そんなテプイの一つ、アウヤン・テプイの崖に、979メートルという、世界最大の落差を誇る、エンジェルフォールが存在する。
あまりに落差が大きくて、落ちる前に水が霧のように散ってしまう事から、滝壺の無い滝としても有名だ。
[エンジェルフォール]
昼間のエンジェルフォールも迫力満点だが、この滝を月の光が照らす光景を一目見たくて、現地のガイドさんに無理を言って、夜のエンジェルフォールを一望できる場所まで川を渡り、山を登って行ってみた事がある。
三日月が東の空に出てくるのが、午前2時過ぎのはずだったので、それに到着の時間を合わせて、キャンプを出た。
現場に辿り着いて5分ほど経った頃、オレンジ色の美しい三日月が、地平線の上に現れた。
エンジェルフォールが、弱い月光を受けて、上の方から少しずつ赤みを帯びていった。
そしてなんと、30分ほどして、光がやや強さを増してきたと思った時、エンジェルフォールの飛沫に月光が当たって、うっすらと夜の虹が現れたのだった。
天からの、予期せぬ嬉しいプレゼントだった。
6ヶ国にまたがるギアナ高地の中心は、ベネズエラに属するが、今、財政難や貧困に喘ぐベネズエラでは、豊富な鉱物資源の不法採掘が横行しているという。

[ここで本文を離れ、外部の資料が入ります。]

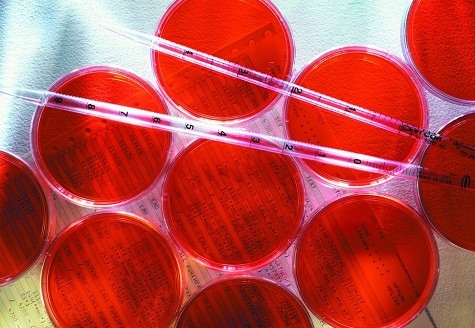 Spectra/ Por? Dialysis Membrane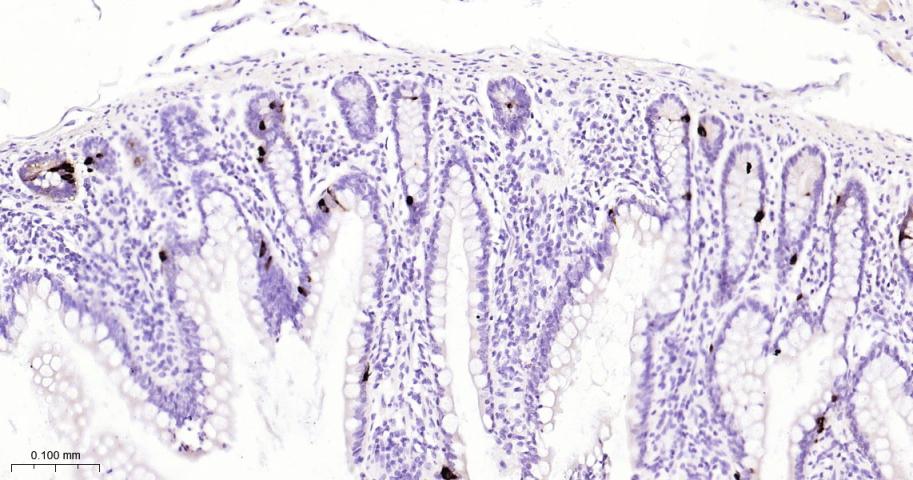 嗜铬粒素A重组兔单抗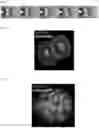 Fig. 29 - METHOD OF REDUCING CHROMOSOME SEGREGATION ERROR IN CELLS OF THE EARLY EMBRYO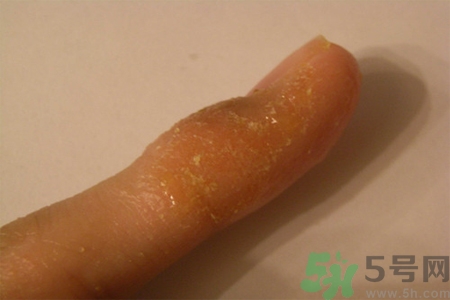 手足癬的易發(fā)人群有哪些？如何預防手足癬？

採掘による山々や川の汚染、木々の伐採、生態系への影響など、数え切れないほどの影響が心配されている。
46億年前に、太陽の周りを回っていたミニ惑星が合体して、地球の素になった事を考えると、20億年という地殻年齢のギアナ高地が、いかに古いかがよく分かる。
宇宙規模で貴重な大地だという事を、みんなで意識していけたらと、思う。